Everybody tells you, that filtering signals (Real or Complex) is simple. In Fact they are right, the only problem usually comes to designing a good filter, choosing its architecture (FIR / IIR) and also the best implementation for filtration in the application. Basically, filtering a signal is from a mathematical point-of-view a convolution between the input data x(t) and filter impulse response h(t) in continuous time. It turns out that having the highest order of the filter possible is not always a good idea. For example, lets say, you are processing some real data signal and want to filter it using a sharp  filter of 1000th order. Now imagine your signal has a sample rate of 1KHz. In this scenario, the specified filter causes, that you are processing the data with a 1s delay. In other words, lets say the filter controls some car driving feedback mechanism. If something goes wrong with the car, the loop will interact with 1 second delay, which may already be too late!

When it also comes to real time processing, there are some other problems,which programmers usually completely ignore. Due to the standard implementation of convolution via the FFT, it is usually a good idea to process all the data at once. This approach is ideal for post-processing only, because in real-time, you cannot wait for “ALL” the samples to arrive, because all of them will likely never really arrive and if so,then something is terribly wrong with the universe. Furthermore, the longer you wait, the higher the delay of the processing is. Lets take a standard phone as an example. If someone would have decided to wait for example 5 seconds, before processing, coding and transmitting data, the telephone would have not been so popular nowdays. The actual answer to this problem is  the continuous data processing which is usually implemented in some “Reasonable” long Batches.

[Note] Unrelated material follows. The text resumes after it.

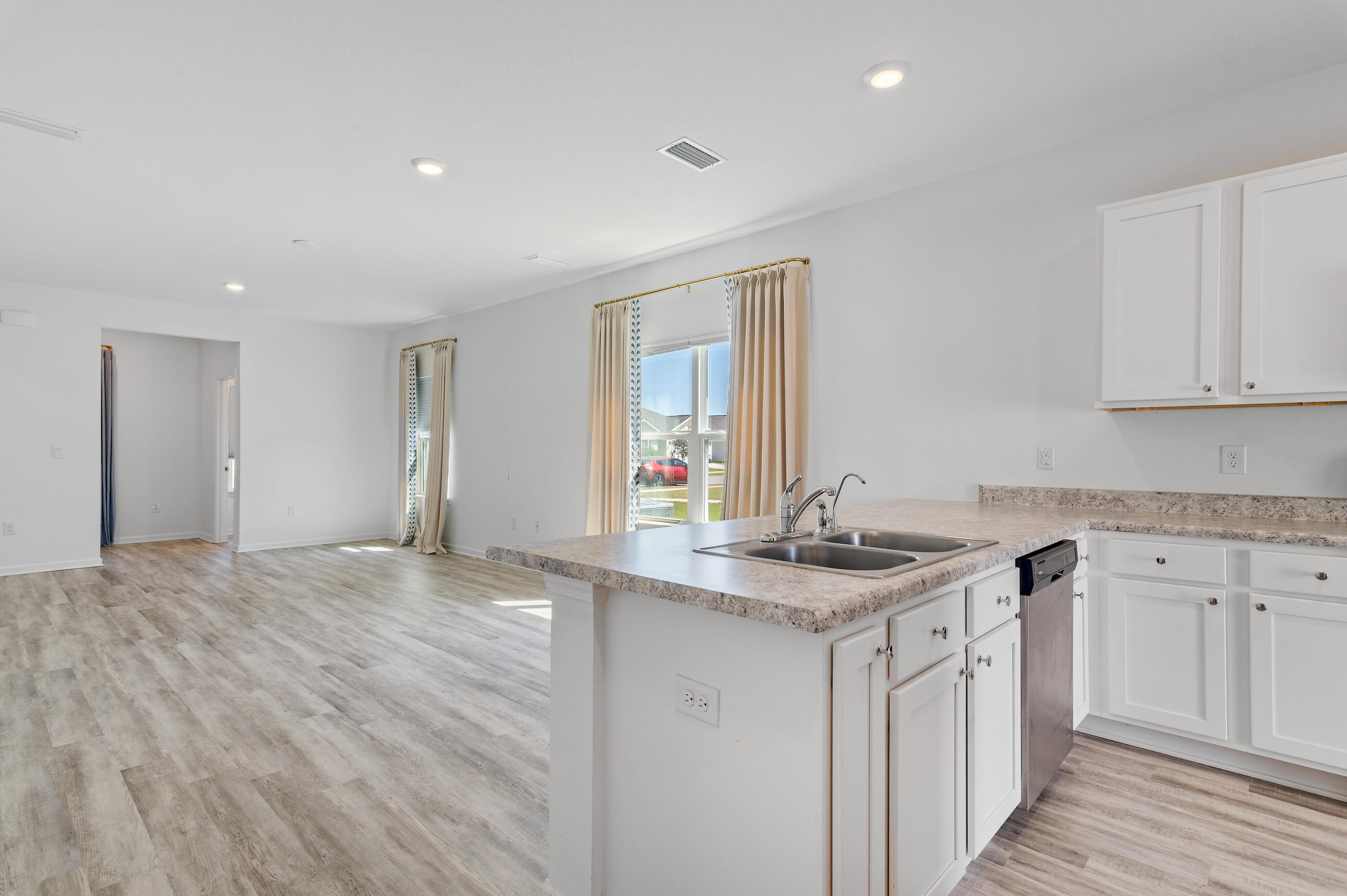 56 Silverthorn Street Freeport, FL 32439 - Photo 7 of 31 a kitchen with a sink stove and cabinets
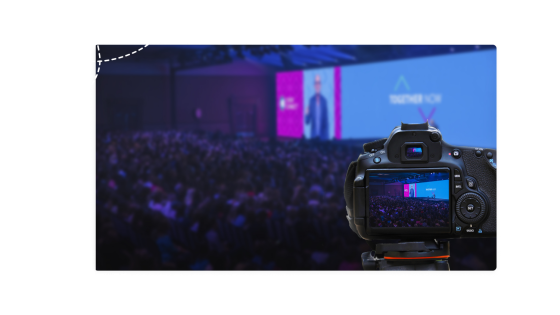 A camera is capturing an event with a crowd of people.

There are actually 2 common methods used: OLAP (Overlap and Add) and OLAS (Overlap and Save). Both of these algorithms internally use the FFT and both are actually very similar. Core of each of these algorithms lies in the FFT Convolution. Note however that .* is element-wise multiplication,which suggest that both of the sequences has to be the same length. Also note that usually the Filter Response remains constant over time,which is equal to filtering the data sequence with the same filter. As a result the Fourier image of the Impulse response (also known as Frequency-Response) may be precomputed in advance,so that only 2 FFTs are reuqired to compute the filtration result.

Result = ifft(fft(Data).*fft(FilterResponse))

What is important here is to note,how the convolution works. If we take 10 signal samples (N) and our filter has a response of 5 samples long (L), how many samples does the convolution result hold? The Answer is N +  L – 1 due to the overlaps of the impulse response with the data vector. This is a common mistake as one cannot simply just compute the real (linear) convolution as we know in N samples. Well … to be honest, he can and in fact computing the convolution result in N samples is the core of the OLAS method. This technique is called a Cyclic Convolution. By making the result vector shorter, than is necessary, we are creating aliases and as the output of the FFT is periodic, the aliases will in fact produce correct results of the filtration due to aliasing of the time data with the impulse response. Understanding of the cyclic convolution is however not as easy as in the case of linear convolution. Therefore, for most people, it is better to start working with the Overlap and Add method, which uses proper zero padding and produces a signal with artifacts from the overlap areas as one would expect. The best visualization can be done, if we let both sequences be square waves. In this case,the filtration result is a “triangular-shape” curve,where the sequences overlap and constant otherwise:

Here,we can note that the correct output of the convolution is in the middle and that N (the batch length) may be chosen arbitrary (Preferably so that N + L – 1 = 2^x). After computing the batch,the output is stored in a vector and next piece of the data can be processed. Once this is done,here comes the “ADD” operation. As anybody would imagine,concatenating these responses one after another would create at first signal artifacts arising from the convolution,but also produce N + L – 1 samples rather than N samples in each Batch. Therefore, the batch results are joined where there are the conv. artifacts: Eg. the Falling piece of the first batch result is added to the rising piece of the second result and so on. I have added a visualization of the OLAP (With Impulse Response being a real FIR implementation impulse response):

The overlap and save method,although it uses the cyclic convolution is easier to implement,since there is no addition at the batch output and the data sequence length may be chosen arbitrary large. The usable length of the data is however always smaller and equals to N – L + 1 (This is equal to OLAP implementation). The impulse response is padded with zeros to match the data length only. This is equal to interpolating the Impulse response Spectrum by the way. At each Batch output, the first L samples are discarded and only the last N – L + 1 samples are concatenated to the final filtrated output vector. The Overlap and save method unlike the overlap and add method overlaps the input data by L points,therefore the second batch has the first L points same as are the last L points of the first batch.